I have an opportunity to buy one of these from a friend for $150.
Intel Xeon W3520 Bloomfield 2.66GHz 4 x 256KB L2 C...

But I'm considering buying this one brand new.
Intel Core i5-2500K Sandy Bridge 3.3GHz (3.7GHz Tu...

Which would you choose? I am a gamer and I do render video with Sony Vegas and After Effects, but not on a production basis. 

Thanks.


----------



## Feänor (Mar 22, 2011)

Hi. If you already have the x58 mobo+triple channel ram combo, buy the w3520. GREAT clocker, and not too much expensive. A huge plus is the hyper-threading versus the 2500k.

if you're going from scratch, i'd say go for the sandy bridge.

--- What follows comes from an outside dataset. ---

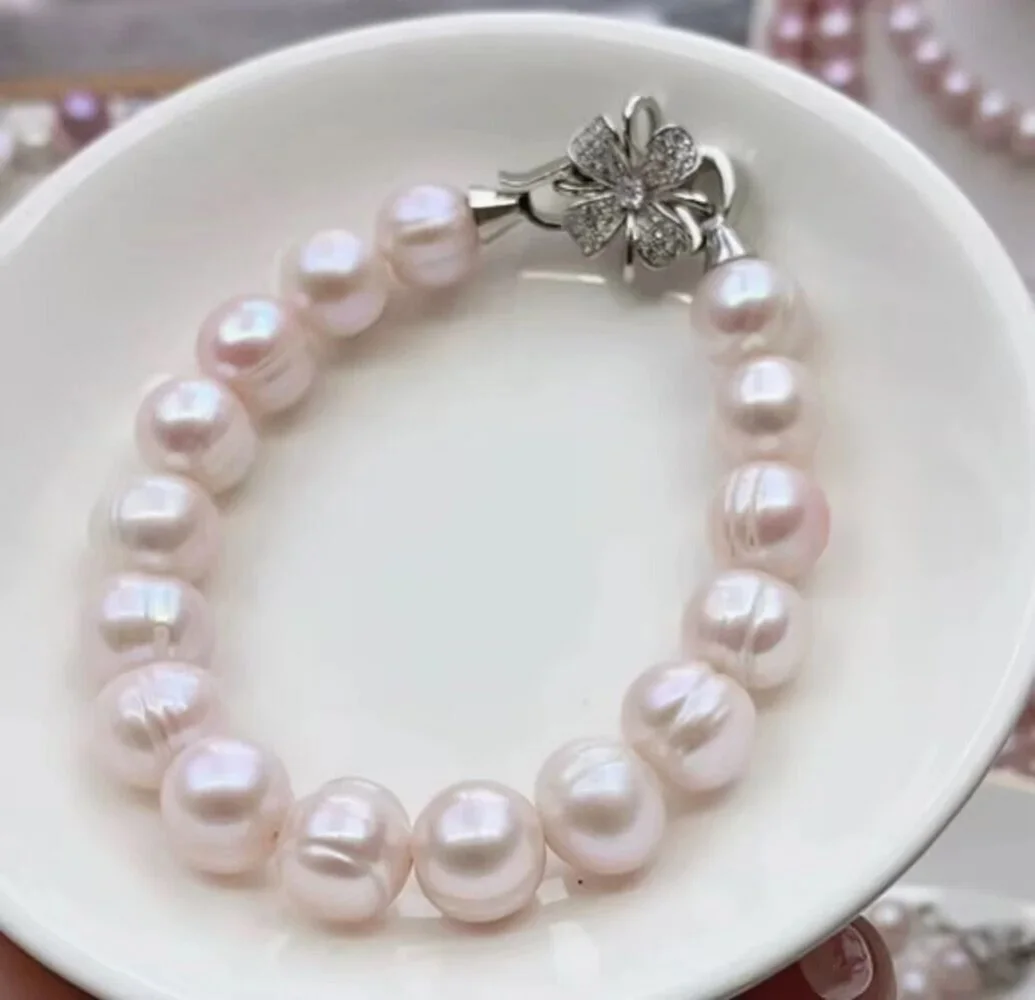 

Великолепный браслет из натурального жемчуга Южных морских вод, класса ААА, 10-11 мм, розово-белый, круглой формы, 7,5-8 дюймов, 925 пробы.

You'll save a lot on each of the mobo and ram, and in games you'll not see huge differences. In the video rendering program, i think the sandy will perform under the w3520, because of the loss of the hyper-threading.

in conclusion, i'd say go for the least expensive option.

Just saw your system's spec and realized you're starting from nothing. Then go for the sandy and oc it to hell! Don't forget to fold when you're not gaming, if the electricity bill is affordable!


----------



## Troy210 (Mar 23, 2011)

Heat is an issue with me, as I live in a very humid and hot environment. I doubt I'd be overclocking the snot out of it. 

Thx for the advice.


----------



## brandonwh64 (Mar 23, 2011)

I think the 2500K would be cooler temps due to not having HT. but as they say, you loose performance in certain things without HT


----------



## Troy210 (Mar 23, 2011)

Like the kind of raw horsepower I'm looking for to render videos. Hmm..good point. Thanks.


----------



## Benetanegia (Mar 23, 2011)

Sandy Bridge is better on those tasks even without HT. Take a look:

http://www.tomshardware.com/charts/...deo-Editing-Adobe-After-Effects-CS5,2427.html

It's also typically faster on games:

http://www.anandtech.com/show/4083/...core-i7-2600k-i5-2500k-core-i3-2100-tested/20

Unless you already have a board for that Xeon, I would go with the 2500k, it's way better all around, for your needs (and mine lol).


----------



## xenocide (Mar 24, 2011)

Assuming you still need to buy the Motherboard for either, the 2500k is a better value.  It outperforms the Xeon in just about everything and even though you would be getting the CPU at half price (and potentially with unknown defects since it is pre-owned) the cost of a quality 1366 motherboard over a quality P67 1155 motherboard will probably equal out the cost.  Not to mention if you go with the i5-2500k later on a Z68 Motherboard might become a great alternative since you do video rendering.


----------